[Entries supplied]:
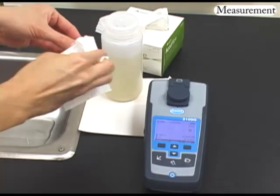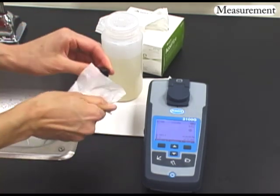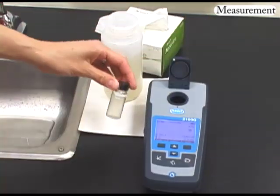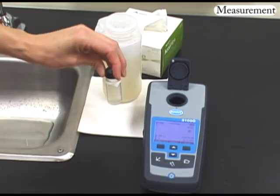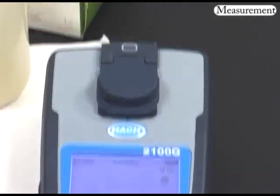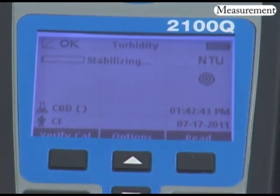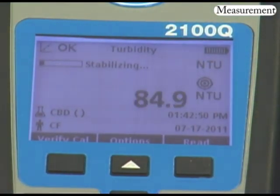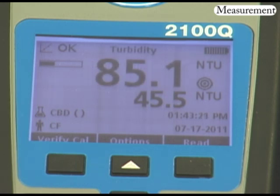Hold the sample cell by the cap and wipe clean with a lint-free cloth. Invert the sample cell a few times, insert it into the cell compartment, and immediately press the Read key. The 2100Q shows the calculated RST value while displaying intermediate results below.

...

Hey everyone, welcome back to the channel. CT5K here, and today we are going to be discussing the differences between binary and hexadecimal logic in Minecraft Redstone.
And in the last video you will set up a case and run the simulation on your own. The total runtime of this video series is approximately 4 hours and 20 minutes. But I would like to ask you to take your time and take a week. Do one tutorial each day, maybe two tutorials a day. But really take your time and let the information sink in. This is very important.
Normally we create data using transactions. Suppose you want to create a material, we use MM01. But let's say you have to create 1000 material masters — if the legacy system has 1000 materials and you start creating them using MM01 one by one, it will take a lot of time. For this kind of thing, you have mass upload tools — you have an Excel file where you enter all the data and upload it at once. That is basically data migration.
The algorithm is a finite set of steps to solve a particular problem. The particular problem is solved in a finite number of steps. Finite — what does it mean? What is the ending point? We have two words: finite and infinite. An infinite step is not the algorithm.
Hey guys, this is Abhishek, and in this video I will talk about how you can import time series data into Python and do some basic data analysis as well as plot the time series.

[What you are asked to do]: Tally the lines of the records that contain the word "take" and state the total alone.

[Exercise result]: 2